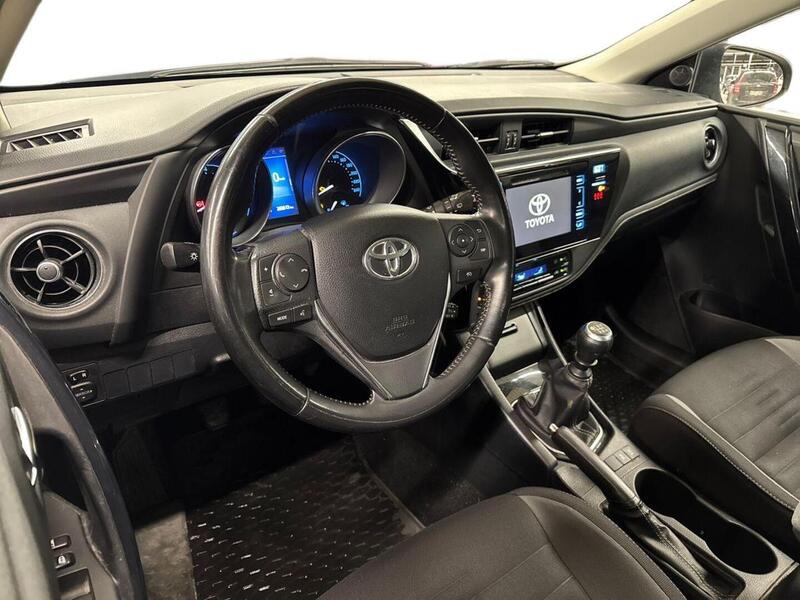 Toyota Auris vaihtoauto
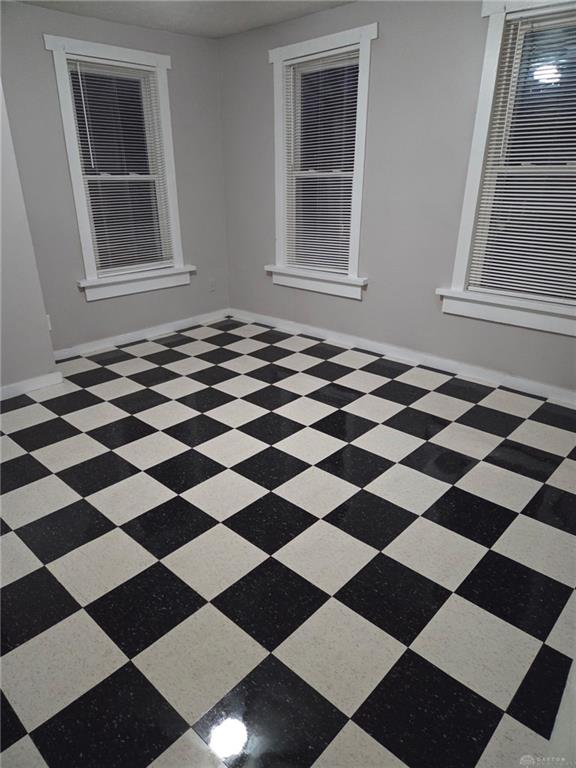 139 Columbus Property Photo 32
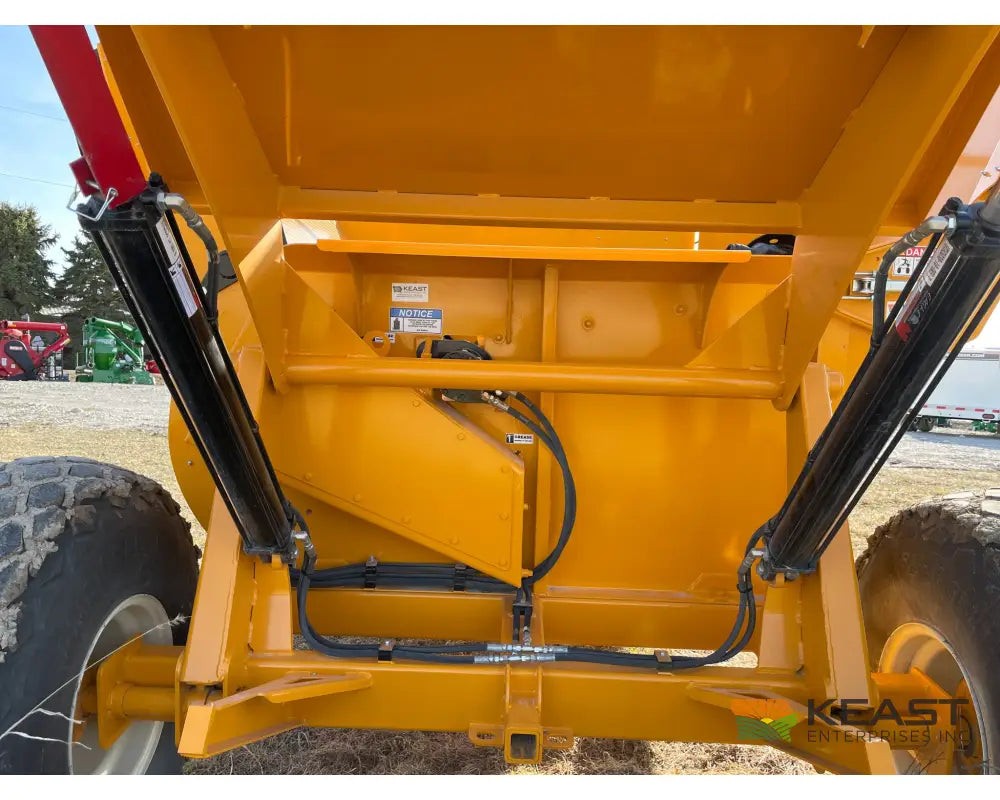 Fair 7830TD Bale Processor Integrated Fan and Blower Bale Processors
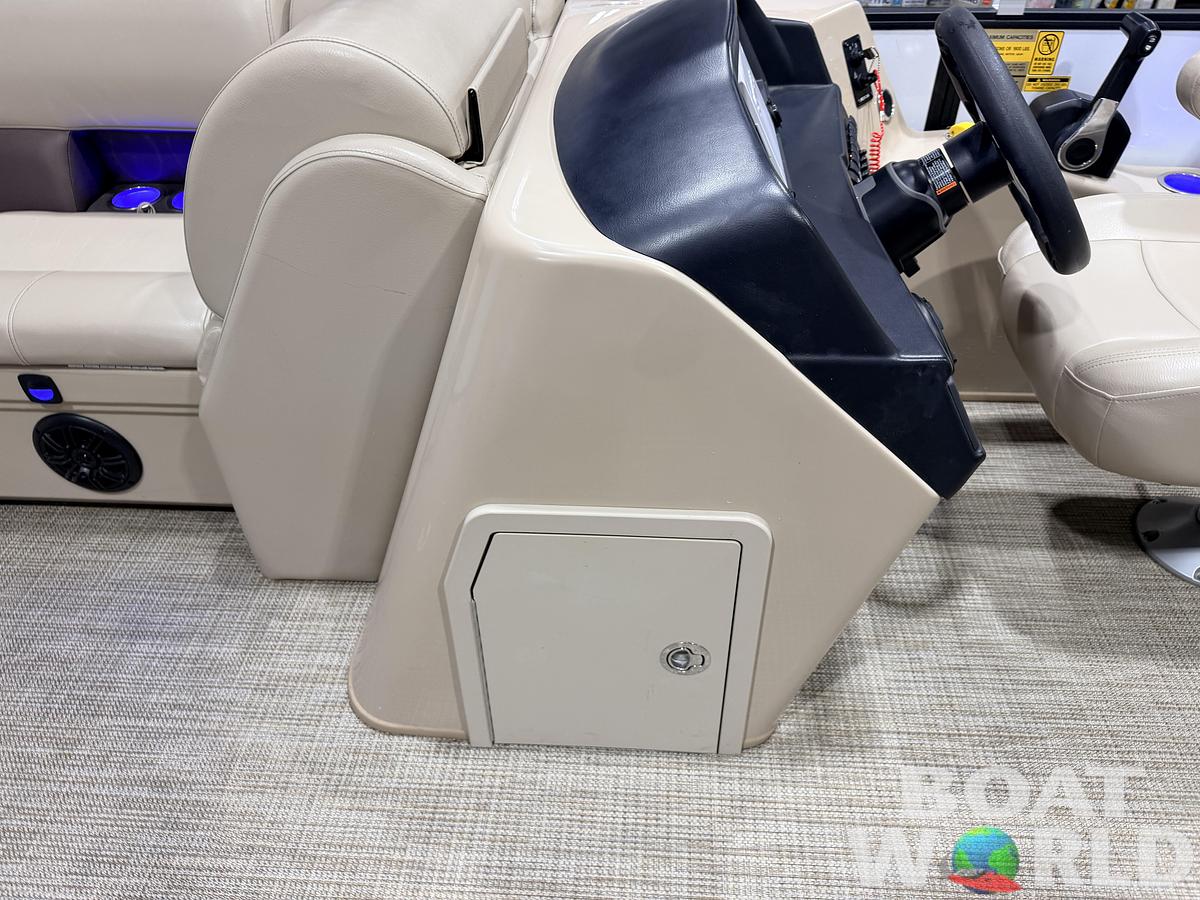 Used 2022 Bentley Pontoons Legacy 200 Navigator Quad Lounge & 100HP Honda 4Stroke -$34,995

PROBLEM TO SOLVE: Transcribe all the material exactly; skip every image.

OUTPUT FOR THIS TASK:
 Toyota Auris vaihtoauto
 139 Columbus Property Photo 32
 Fair 7830TD Bale Processor Integrated Fan and Blower Bale Processors
 Used 2022 Bentley Pontoons Legacy 200 Navigator Quad Lounge & 100HP Honda 4Stroke -$34,995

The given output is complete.